A dissertation submitted to the Faculty of Science, University of Witwatersrand in the fulfilment of the requirements for the degree of Master of Science. Johannesburg, 2015. / Northwest Botswana holds a key position for the correlation of the Pan-African mobile belts of
southern Africa (i.e. the Damara-Zambezi-Lufilian Orogeny). Phanerozoic cover (Kalahari Group)
precludes direct correlation between Proterozoic lithologies of the Damara Belt and thick
metasedimentary sequences of northwest Botswana. A combination of new geological and
geophysical field observations, interpretation of 50 m resolution aeromagnetic data, and 2.2 km
resolution gravity data of Namibia and Botswana, have led to the development of a new sub-
Kalahari geological map of the Damara Belt and northwest Botswana. The interpretation of
potential field and magnetotelluric (MT) data complemented with both new and published
geological data, has improved the identification of the northern and southern margins of the
Damara Belt and northwest Botswana, and tectonostratigraphic zones within them. In addition,
these correlations have established that the northern margin of the Kalahari Craton on geological
maps extends further north than previously noted.
The northeast trending Damara Belt is confidently traced into northwest Botswana (Ngamiland)

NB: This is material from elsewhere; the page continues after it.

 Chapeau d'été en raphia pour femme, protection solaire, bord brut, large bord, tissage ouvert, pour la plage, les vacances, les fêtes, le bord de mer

to ~19.5°S, 22.0°E. At this location, in map view, aeromagnetically interpreted structures follow a
radial distribution from northwest-striking in the west to northeast-striking in the east. The
lithostratigraphic units to the north of this location cannot be confidently correlated with
lithostratigraphic units of the Damara Belt. Instead, these units are better correlated with
lithostratigraphic units in southern Angola and/or Zambia. The southeastern margin of the
Damara Belt is in tectonic contact with the northern margin of the Ghanzi-Chobe Belt as identified
in the aeromagnetic images. The Ghanzi-Chobe Belt is correlated with the Sinclair Supergroup in
the Rehoboth Subprovince in Namibia. The basal Kgwebe volcanics are correlated with the
Oorlogsende Porphyry Member and Langberg Formation and the unconformably overlying
metasediments of the Ghanzi Group are correlated with the metasediments of the Tsumis Group.
The correlations are based on similar aeromagnetic signatures, lithologies, mineralisation and age
dates constrained by carbon isotope chemostratigraphy.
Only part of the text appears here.